**WHAT NEEDS TO BE DONE:**
Copy, word for word, the lines below from the one containing "Tifosi vip Banfi a Trigoria" up to and including the one containing "Раскраска Дети лепят снеговика в лесу", with pictures left out.

**AVAILABLE RECORDS:**

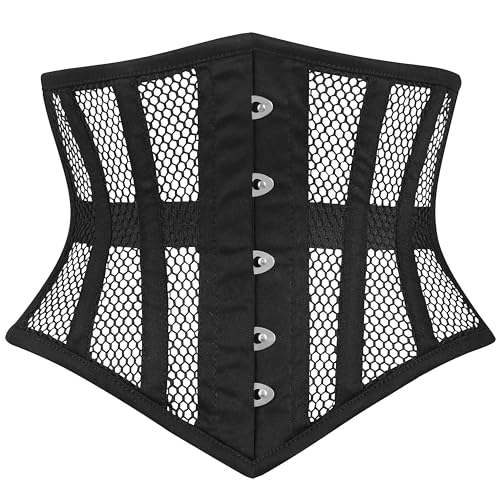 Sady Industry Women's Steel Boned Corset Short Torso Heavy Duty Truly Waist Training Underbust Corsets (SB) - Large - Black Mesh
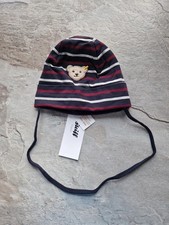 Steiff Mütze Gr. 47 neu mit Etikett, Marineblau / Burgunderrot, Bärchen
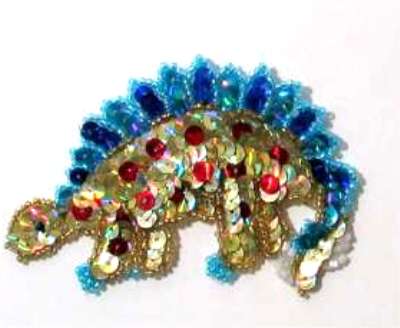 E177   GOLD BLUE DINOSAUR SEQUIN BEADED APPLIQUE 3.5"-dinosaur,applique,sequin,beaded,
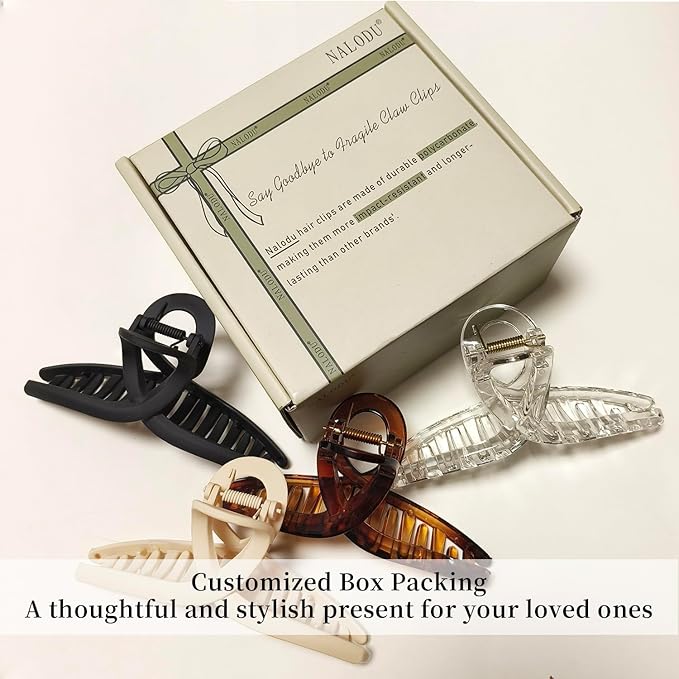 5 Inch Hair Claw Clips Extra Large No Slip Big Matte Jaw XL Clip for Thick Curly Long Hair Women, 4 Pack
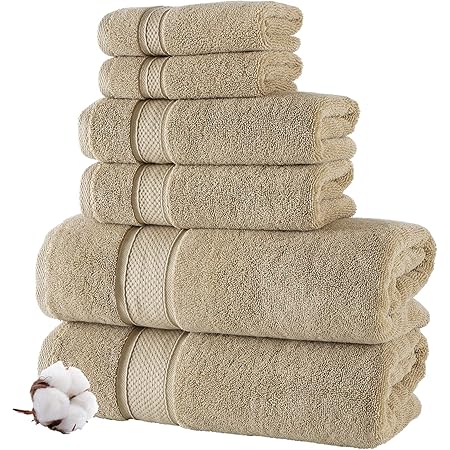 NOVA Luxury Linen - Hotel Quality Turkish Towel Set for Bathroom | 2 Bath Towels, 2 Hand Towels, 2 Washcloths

---

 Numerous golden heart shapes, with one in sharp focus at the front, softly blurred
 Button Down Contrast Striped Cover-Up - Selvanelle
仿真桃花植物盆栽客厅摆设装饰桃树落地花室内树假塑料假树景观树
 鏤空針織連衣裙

---

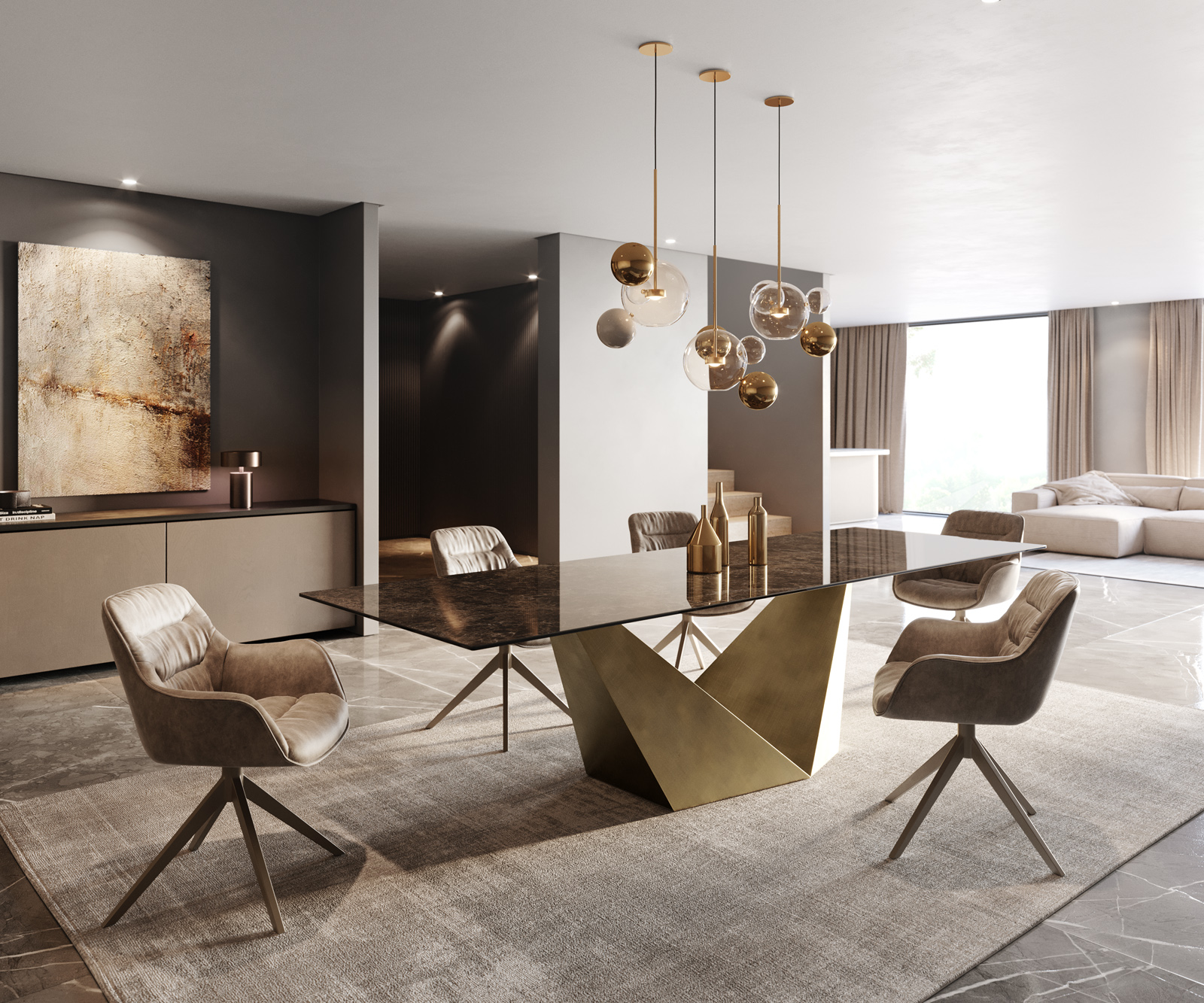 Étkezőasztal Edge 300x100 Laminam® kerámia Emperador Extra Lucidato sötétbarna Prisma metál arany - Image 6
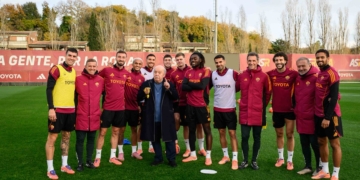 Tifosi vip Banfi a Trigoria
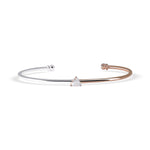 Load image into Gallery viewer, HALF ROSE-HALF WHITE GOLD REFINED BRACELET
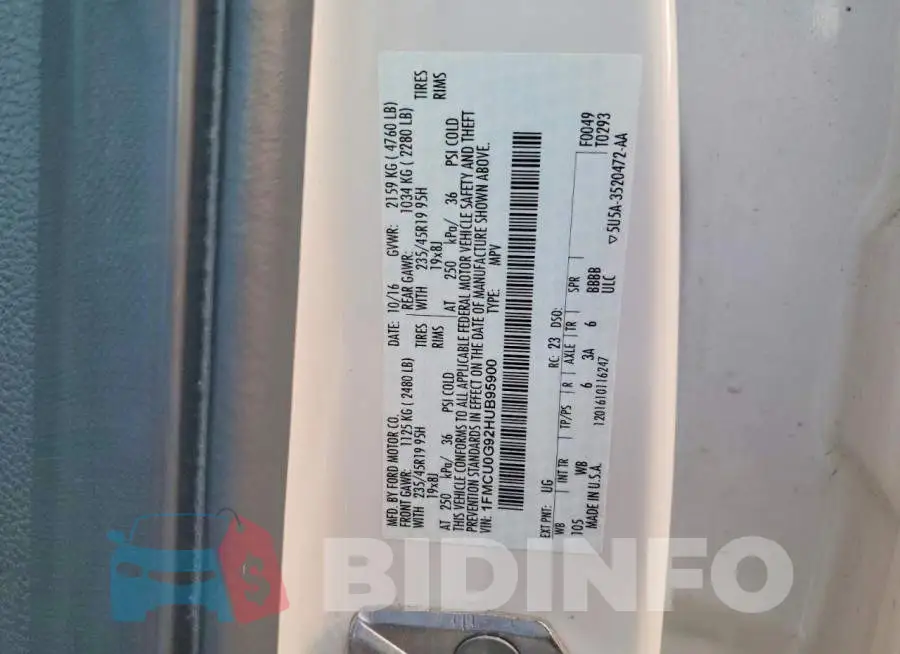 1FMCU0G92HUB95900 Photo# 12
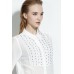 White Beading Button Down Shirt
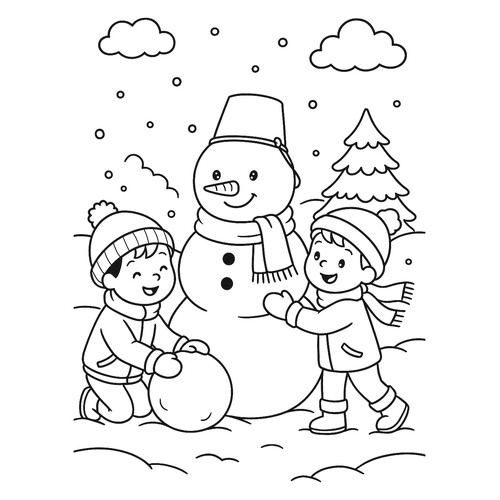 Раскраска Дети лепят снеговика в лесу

**ANSWER TO THIS PROBLEM:**
 Tifosi vip Banfi a Trigoria
 Load image into Gallery viewer, HALF ROSE-HALF WHITE GOLD REFINED BRACELET
 1FMCU0G92HUB95900 Photo# 12
 White Beading Button Down Shirt
 Раскраска Дети лепят снеговика в лесу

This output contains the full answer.